STUDY MATERIAL START

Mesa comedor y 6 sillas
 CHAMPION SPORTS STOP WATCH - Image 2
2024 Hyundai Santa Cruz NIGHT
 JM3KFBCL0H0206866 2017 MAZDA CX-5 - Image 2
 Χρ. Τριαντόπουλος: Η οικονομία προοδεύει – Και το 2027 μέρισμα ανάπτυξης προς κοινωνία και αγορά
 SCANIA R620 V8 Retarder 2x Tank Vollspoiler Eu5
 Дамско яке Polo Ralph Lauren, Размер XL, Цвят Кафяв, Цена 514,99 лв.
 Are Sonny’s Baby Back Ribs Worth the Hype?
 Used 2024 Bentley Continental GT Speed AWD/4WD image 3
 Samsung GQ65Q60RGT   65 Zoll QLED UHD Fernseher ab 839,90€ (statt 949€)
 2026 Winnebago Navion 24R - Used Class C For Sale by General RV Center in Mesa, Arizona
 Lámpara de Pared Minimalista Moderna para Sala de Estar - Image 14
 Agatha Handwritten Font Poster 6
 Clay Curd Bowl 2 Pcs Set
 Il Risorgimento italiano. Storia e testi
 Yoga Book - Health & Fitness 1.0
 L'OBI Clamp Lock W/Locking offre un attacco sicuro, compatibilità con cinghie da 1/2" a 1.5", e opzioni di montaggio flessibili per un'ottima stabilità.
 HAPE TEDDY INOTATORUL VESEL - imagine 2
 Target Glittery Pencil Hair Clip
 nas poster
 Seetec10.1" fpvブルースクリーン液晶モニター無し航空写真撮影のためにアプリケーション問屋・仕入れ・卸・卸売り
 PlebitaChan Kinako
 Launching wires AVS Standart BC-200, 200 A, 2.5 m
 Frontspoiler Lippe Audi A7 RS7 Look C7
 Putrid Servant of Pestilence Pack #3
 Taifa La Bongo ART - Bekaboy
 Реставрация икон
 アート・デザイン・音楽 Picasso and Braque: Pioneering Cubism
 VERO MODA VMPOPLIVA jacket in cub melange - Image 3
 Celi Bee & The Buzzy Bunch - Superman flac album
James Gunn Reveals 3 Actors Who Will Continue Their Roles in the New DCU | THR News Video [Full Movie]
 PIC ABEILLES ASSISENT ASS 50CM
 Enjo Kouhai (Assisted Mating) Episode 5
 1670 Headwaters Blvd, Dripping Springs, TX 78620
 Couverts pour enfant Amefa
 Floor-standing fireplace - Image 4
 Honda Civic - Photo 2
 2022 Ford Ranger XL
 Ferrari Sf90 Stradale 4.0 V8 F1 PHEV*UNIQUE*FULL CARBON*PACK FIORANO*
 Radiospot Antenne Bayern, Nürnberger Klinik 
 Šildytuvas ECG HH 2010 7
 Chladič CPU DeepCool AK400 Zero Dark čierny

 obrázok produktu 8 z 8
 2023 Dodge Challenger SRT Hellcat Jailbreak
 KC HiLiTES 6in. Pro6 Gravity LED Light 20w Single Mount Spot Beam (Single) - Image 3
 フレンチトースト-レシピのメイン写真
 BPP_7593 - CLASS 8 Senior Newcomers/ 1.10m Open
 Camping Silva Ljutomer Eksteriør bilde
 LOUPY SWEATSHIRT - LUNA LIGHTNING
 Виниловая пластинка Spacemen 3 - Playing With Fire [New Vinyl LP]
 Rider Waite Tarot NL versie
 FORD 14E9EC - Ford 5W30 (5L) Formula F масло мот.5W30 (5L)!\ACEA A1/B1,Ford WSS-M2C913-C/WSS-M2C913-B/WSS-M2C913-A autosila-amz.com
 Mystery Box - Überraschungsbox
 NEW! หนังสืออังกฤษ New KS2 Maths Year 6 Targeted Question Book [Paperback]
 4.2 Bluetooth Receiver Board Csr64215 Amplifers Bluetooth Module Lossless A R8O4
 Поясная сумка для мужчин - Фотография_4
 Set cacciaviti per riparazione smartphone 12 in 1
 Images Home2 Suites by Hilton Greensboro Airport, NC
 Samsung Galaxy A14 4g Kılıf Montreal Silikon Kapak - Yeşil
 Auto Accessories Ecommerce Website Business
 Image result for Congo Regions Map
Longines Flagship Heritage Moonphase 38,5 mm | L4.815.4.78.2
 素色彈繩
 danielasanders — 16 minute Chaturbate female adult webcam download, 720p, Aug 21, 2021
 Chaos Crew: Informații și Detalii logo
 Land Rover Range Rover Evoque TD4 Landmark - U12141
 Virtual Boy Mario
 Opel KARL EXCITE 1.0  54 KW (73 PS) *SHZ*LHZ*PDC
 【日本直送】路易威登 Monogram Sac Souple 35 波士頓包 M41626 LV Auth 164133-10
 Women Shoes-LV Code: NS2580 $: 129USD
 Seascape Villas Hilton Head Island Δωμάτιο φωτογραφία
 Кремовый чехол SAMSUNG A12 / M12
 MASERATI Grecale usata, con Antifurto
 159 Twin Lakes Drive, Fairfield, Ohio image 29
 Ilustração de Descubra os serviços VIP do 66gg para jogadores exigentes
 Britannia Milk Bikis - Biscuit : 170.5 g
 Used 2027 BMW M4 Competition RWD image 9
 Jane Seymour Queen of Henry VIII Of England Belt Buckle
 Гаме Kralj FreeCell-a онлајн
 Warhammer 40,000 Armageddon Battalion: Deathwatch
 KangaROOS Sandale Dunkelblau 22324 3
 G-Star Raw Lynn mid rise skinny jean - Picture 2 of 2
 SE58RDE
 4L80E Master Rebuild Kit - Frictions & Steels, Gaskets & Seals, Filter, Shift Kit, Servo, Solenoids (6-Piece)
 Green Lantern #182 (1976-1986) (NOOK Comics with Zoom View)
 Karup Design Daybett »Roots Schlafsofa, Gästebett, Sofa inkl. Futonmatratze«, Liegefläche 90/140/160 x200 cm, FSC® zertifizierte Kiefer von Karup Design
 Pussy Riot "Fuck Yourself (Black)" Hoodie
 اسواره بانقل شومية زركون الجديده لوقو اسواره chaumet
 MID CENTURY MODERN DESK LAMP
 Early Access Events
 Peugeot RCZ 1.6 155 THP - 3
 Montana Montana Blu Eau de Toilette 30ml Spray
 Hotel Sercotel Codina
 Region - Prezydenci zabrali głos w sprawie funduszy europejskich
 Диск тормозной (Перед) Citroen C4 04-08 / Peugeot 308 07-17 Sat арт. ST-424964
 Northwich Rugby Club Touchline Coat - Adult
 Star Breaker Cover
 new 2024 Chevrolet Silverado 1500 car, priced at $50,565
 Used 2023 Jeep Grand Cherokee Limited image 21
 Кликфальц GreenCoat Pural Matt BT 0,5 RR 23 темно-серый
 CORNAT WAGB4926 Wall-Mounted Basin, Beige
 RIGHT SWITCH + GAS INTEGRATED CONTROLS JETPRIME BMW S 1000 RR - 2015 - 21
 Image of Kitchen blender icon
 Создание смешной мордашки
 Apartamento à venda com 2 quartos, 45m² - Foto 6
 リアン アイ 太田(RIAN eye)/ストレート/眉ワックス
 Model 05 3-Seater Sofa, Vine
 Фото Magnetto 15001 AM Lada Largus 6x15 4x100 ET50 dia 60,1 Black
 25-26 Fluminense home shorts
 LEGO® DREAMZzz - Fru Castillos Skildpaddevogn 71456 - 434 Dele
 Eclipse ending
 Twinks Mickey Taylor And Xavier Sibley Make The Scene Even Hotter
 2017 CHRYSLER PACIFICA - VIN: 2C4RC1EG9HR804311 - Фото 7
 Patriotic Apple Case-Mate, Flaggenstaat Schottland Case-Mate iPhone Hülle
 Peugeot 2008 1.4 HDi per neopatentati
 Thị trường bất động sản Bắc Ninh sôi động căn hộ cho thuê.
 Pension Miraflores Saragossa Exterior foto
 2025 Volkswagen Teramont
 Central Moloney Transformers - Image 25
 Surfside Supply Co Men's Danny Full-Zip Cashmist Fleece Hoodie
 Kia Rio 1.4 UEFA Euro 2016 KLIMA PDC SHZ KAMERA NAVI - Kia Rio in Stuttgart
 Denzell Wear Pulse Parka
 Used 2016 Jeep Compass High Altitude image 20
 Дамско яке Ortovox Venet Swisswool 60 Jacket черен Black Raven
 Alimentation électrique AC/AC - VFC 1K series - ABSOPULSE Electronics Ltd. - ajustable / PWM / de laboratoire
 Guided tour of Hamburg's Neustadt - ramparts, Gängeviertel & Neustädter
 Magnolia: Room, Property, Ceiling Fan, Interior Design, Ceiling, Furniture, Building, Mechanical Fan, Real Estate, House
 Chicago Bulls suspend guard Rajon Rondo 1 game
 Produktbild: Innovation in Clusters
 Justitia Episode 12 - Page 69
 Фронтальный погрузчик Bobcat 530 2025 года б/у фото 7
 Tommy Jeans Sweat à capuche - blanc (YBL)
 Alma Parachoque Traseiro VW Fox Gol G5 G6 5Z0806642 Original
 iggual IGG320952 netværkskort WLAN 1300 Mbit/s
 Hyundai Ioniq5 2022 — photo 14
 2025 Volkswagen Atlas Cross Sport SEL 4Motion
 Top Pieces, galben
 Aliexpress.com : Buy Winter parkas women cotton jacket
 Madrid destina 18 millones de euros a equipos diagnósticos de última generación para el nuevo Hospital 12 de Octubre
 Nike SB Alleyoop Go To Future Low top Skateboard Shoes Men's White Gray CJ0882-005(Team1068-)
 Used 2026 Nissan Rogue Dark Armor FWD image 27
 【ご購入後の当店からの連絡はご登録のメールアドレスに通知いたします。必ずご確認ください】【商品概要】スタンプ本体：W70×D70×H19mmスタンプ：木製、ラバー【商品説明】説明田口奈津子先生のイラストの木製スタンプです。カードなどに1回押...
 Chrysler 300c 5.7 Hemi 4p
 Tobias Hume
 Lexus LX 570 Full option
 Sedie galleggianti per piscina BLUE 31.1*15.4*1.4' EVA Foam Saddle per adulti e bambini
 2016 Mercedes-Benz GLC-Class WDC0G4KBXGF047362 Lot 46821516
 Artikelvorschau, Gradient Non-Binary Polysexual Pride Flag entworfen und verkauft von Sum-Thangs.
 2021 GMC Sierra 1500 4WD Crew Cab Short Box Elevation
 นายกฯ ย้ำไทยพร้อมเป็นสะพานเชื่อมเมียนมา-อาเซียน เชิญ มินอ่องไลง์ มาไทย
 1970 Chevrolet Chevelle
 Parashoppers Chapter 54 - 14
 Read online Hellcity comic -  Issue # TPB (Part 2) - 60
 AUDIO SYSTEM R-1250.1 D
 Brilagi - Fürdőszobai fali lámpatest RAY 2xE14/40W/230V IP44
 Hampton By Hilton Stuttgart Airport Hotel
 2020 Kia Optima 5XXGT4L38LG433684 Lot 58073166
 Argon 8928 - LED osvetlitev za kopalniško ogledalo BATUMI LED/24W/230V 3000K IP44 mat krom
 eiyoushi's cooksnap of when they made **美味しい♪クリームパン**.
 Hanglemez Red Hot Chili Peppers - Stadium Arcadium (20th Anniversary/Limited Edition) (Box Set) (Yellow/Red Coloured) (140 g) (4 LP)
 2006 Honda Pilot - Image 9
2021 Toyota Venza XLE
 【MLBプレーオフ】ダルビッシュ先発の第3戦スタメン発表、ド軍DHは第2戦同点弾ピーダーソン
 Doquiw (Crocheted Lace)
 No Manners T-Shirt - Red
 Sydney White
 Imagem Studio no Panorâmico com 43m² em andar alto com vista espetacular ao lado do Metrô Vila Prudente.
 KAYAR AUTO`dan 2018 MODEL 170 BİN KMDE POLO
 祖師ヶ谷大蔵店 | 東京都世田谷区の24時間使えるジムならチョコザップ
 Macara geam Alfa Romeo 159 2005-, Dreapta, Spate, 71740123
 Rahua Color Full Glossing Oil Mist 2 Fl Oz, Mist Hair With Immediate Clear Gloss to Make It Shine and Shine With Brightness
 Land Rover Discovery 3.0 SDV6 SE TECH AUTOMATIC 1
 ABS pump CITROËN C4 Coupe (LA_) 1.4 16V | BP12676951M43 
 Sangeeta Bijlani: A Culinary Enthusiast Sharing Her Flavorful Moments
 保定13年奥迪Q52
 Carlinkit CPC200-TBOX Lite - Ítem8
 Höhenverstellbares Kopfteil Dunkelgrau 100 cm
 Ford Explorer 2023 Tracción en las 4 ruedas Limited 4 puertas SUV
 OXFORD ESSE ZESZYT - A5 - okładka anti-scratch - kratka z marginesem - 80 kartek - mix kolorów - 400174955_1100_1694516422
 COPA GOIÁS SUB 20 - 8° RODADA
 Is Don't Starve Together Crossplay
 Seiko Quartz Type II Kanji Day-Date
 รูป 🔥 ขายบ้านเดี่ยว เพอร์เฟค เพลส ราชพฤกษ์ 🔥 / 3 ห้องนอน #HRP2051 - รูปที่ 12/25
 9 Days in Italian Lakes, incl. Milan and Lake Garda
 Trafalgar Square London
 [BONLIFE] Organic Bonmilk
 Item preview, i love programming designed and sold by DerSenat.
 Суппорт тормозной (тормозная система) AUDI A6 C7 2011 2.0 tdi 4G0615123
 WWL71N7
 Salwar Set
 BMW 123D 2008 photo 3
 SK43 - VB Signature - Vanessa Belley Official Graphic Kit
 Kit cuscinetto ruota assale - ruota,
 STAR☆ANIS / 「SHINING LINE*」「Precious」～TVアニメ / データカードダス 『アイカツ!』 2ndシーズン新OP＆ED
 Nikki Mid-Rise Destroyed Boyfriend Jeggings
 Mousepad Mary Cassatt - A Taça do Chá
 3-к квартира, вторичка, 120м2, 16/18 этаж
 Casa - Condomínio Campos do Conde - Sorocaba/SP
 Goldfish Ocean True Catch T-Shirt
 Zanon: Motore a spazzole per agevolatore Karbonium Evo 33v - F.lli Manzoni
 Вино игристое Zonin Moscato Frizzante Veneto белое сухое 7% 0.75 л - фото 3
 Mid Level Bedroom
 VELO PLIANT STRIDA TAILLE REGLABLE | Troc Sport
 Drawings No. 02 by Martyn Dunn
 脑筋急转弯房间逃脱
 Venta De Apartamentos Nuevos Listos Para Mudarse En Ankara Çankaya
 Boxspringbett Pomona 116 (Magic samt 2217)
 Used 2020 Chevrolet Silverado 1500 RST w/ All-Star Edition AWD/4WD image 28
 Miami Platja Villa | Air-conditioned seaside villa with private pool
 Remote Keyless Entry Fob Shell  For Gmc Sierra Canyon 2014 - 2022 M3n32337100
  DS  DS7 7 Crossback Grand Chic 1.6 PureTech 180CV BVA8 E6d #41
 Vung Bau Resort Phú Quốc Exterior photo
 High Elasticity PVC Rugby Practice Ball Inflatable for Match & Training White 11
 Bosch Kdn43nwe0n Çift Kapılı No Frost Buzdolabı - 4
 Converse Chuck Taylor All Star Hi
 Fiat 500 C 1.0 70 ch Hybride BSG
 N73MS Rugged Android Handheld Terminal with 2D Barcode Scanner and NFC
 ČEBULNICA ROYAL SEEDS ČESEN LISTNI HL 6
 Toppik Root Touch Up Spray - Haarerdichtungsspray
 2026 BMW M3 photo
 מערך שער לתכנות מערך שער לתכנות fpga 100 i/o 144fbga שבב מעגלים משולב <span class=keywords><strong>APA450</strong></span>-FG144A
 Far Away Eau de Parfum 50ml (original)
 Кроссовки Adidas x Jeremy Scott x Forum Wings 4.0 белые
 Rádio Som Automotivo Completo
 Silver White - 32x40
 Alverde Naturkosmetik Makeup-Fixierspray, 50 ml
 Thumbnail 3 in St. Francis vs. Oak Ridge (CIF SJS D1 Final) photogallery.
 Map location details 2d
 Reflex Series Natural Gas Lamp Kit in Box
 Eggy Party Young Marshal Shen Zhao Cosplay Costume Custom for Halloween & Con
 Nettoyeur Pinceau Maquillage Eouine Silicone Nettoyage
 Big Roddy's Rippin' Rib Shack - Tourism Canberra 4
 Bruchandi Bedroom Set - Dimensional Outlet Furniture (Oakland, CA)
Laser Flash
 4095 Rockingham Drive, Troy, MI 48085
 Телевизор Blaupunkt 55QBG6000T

STUDY MATERIAL END

WHAT THE EXERCISE ASKS:
Only the lines from the first line of the records through the line with "Rider Waite Tarot NL versie" should be reproduced, exactly and with nothing added.

RESULT FOR THIS EXERCISE:
Mesa comedor y 6 sillas
 CHAMPION SPORTS STOP WATCH - Image 2
2024 Hyundai Santa Cruz NIGHT
 JM3KFBCL0H0206866 2017 MAZDA CX-5 - Image 2
 Χρ. Τριαντόπουλος: Η οικονομία προοδεύει – Και το 2027 μέρισμα ανάπτυξης προς κοινωνία και αγορά
 SCANIA R620 V8 Retarder 2x Tank Vollspoiler Eu5
 Дамско яке Polo Ralph Lauren, Размер XL, Цвят Кафяв, Цена 514,99 лв.
 Are Sonny’s Baby Back Ribs Worth the Hype?
 Used 2024 Bentley Continental GT Speed AWD/4WD image 3
 Samsung GQ65Q60RGT   65 Zoll QLED UHD Fernseher ab 839,90€ (statt 949€)
 2026 Winnebago Navion 24R - Used Class C For Sale by General RV Center in Mesa, Arizona
 Lámpara de Pared Minimalista Moderna para Sala de Estar - Image 14
 Agatha Handwritten Font Poster 6
 Clay Curd Bowl 2 Pcs Set
 Il Risorgimento italiano. Storia e testi
 Yoga Book - Health & Fitness 1.0
 L'OBI Clamp Lock W/Locking offre un attacco sicuro, compatibilità con cinghie da 1/2" a 1.5", e opzioni di montaggio flessibili per un'ottima stabilità.
 HAPE TEDDY INOTATORUL VESEL - imagine 2
 Target Glittery Pencil Hair Clip
 nas poster
 Seetec10.1" fpvブルースクリーン液晶モニター無し航空写真撮影のためにアプリケーション問屋・仕入れ・卸・卸売り
 PlebitaChan Kinako
 Launching wires AVS Standart BC-200, 200 A, 2.5 m
 Frontspoiler Lippe Audi A7 RS7 Look C7
 Putrid Servant of Pestilence Pack #3
 Taifa La Bongo ART - Bekaboy
 Реставрация икон
 アート・デザイン・音楽 Picasso and Braque: Pioneering Cubism
 VERO MODA VMPOPLIVA jacket in cub melange - Image 3
 Celi Bee & The Buzzy Bunch - Superman flac album
James Gunn Reveals 3 Actors Who Will Continue Their Roles in the New DCU | THR News Video [Full Movie]
 PIC ABEILLES ASSISENT ASS 50CM
 Enjo Kouhai (Assisted Mating) Episode 5
 1670 Headwaters Blvd, Dripping Springs, TX 78620
 Couverts pour enfant Amefa
 Floor-standing fireplace - Image 4
 Honda Civic - Photo 2
 2022 Ford Ranger XL
 Ferrari Sf90 Stradale 4.0 V8 F1 PHEV*UNIQUE*FULL CARBON*PACK FIORANO*
 Radiospot Antenne Bayern, Nürnberger Klinik 
 Šildytuvas ECG HH 2010 7
 Chladič CPU DeepCool AK400 Zero Dark čierny

 obrázok produktu 8 z 8
 2023 Dodge Challenger SRT Hellcat Jailbreak
 KC HiLiTES 6in. Pro6 Gravity LED Light 20w Single Mount Spot Beam (Single) - Image 3
 フレンチトースト-レシピのメイン写真
 BPP_7593 - CLASS 8 Senior Newcomers/ 1.10m Open
 Camping Silva Ljutomer Eksteriør bilde
 LOUPY SWEATSHIRT - LUNA LIGHTNING
 Виниловая пластинка Spacemen 3 - Playing With Fire [New Vinyl LP]
 Rider Waite Tarot NL versie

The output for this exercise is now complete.